Now we have to translate from “the fractional part of the logarithm” to the leading digit of the original number. This is not so hard:
$$\displaystyle \begin{aligned} P(\text{leading digit of }X\text{ is }i) &= P(\log_{10} i \le (\log_{10}(X) \mod 1) \le \log_{10}(i+1)) \\ &= \int_{\log_{10} i}^{\log_{10}(i+1)} L(f) \,df \\ &= \log_{10}\left( \frac{i+1}{i}\right) \end{aligned}$$
This result is where the prediction in the previous table came from. We have used base 10 because that is how people count, but the same argument holds for any base. Just change the base of the logarithm.
Wrapping Up
Far from being some mystical oddity, Benford’s law is really just a consequence of how place-value number systems work. The preceding derivation sheds light on what kinds of sets can be expected to follow it. They would have to span several orders of magnitude, so that knowing the leading digit does not tell you much about how large the number is. As an example of a set that would not exhibit this pattern, the heights of all adult humans are scattered around 2 meters. So if I told you that the height of some specific adult started with a 2, you would know that person is around 2 meters tall, not 200 meters or 0.2 meters. In contrast, if I told you that the length of some river starts with a 2, you really have no idea if it runs 200 meters, 200000 meters, or some other distance.

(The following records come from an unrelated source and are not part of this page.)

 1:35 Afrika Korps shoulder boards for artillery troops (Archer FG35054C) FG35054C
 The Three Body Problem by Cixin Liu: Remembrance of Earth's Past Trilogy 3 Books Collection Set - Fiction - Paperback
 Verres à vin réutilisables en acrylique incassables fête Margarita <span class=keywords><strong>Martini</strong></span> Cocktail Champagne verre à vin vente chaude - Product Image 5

The second property is, as I’ve mentioned a few times already, scale-invariance. Which basically applies if the data set has some human-created unit of measurement associated with it, though there are examples of data sets that don’t have units which still obey Benford’s law. This is because Benford’s law can also be derived from the idea of base-invariance instead of scale-invariance, though that proof is considerably more complicated so I have not discussed it here.